Goal of the exercise:
Of the lines in the material below, print only those from the one containing "tallona Sala Sondaggio" to the one containing "一个女人，三五过客，信任、博弈、决裂、真心，交织在这座人性迷城中", ends included, exactly as written and without pictures.

Records for processing:
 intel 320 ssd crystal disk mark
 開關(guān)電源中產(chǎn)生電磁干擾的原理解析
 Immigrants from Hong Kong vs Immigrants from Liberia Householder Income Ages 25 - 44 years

==

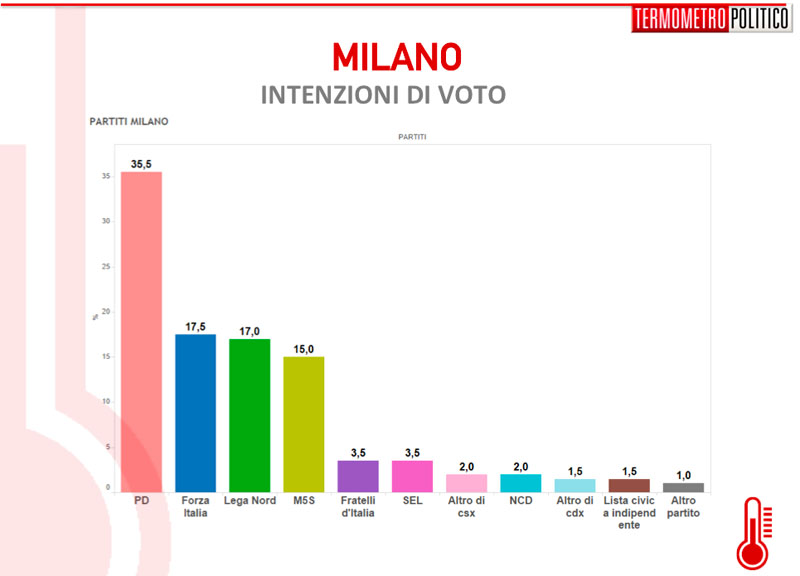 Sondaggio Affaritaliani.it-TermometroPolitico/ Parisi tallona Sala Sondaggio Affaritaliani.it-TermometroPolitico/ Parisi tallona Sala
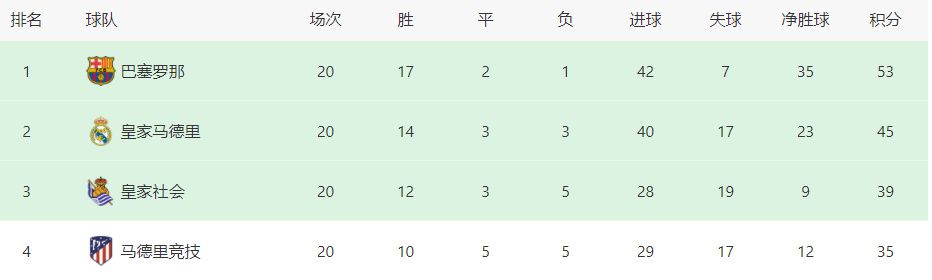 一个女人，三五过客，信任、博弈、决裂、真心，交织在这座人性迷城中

Exercise answer:
 Sondaggio Affaritaliani.it-TermometroPolitico/ Parisi tallona Sala Sondaggio Affaritaliani.it-TermometroPolitico/ Parisi tallona Sala
 一个女人，三五过客，信任、博弈、决裂、真心，交织在这座人性迷城中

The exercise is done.